Gri hakimdi bu tabloya. Sanki ölü bir insanın bedenine benziyordu her şey, her renk. Çürümenin sessiz bir orkestrasından bir çalgıydı, her varlık; özellikle kömür karasıydı bulutlar. Kirlenmiş ve hasta duruyorlardı gökyüzünde. Onlar güzel bulutlar değillerdi; dağılmış, formu olmayan kararsız gaz kütleleriydi. Kirli, beyaz, mat bir gökyüzüne peçe olmuşlardı sadece.
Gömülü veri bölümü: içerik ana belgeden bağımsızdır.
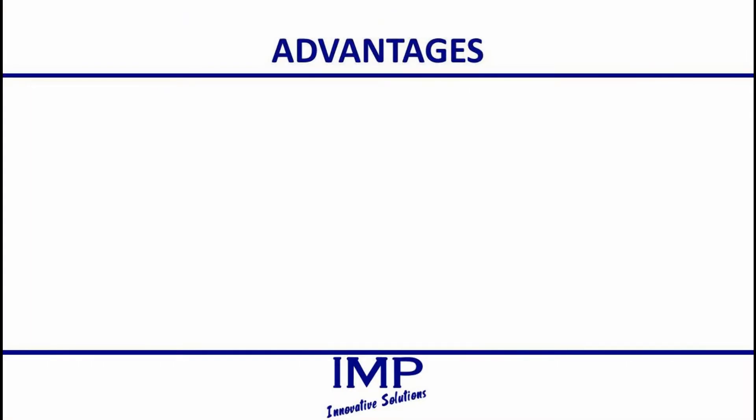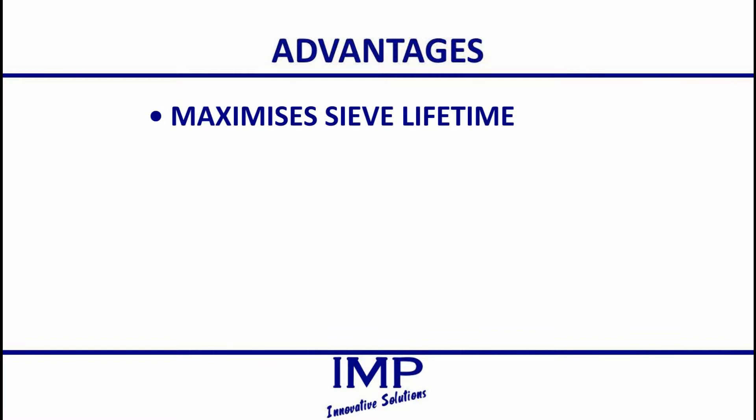The sieve measurement system offers a number of advantages for its operators. Recertification means sieves are able to be fully utilized until they no longer meet specifications, rather than being replaced after an arbitrary period of time.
“Başka bir görevleri olmaksızın, sadece çıplak hissettiğinizde gölgesiyle sizi kapatıyorlardı.“
Gökyüzünde kuşlar yoktu. Sadece küller uçuşuyordu. O kadar narin bir uçuştu ki onlarınki; etraflarına kıyasla kelebek gibi hissettiriyordu insana. Yavaşça süzülerek kumları yalıyor, siz onları konarken izlemeye çalışırsanız da sahilin haraveti suratınızı yumruklarcasına yüreğinizi yırtıyordu.
“Kumu, suyu ve onların hikayesini anlamak zordu. İnsanın bulunmak isteyebileceği bir sahil değildi çünkü baktığınız yer.”
Kum, kendisine saplanmış; büyük, paslanmış ve eskiden kendisinden daha büyük bir iskeletin parçasıymış gibi duran metal profillerin hedef tahtası olmuştu. Su varken gözükmez, sadece dalga çekilince size ölümü ve yok oluşu anlatmak için kendilerini gösterirlerdi. Eğer şanslıysanız, ve gelgitleri yakalar iseniz, işte o zaman belki onların eski makinelerin ölü organları olduğunu anlayabilirdiniz.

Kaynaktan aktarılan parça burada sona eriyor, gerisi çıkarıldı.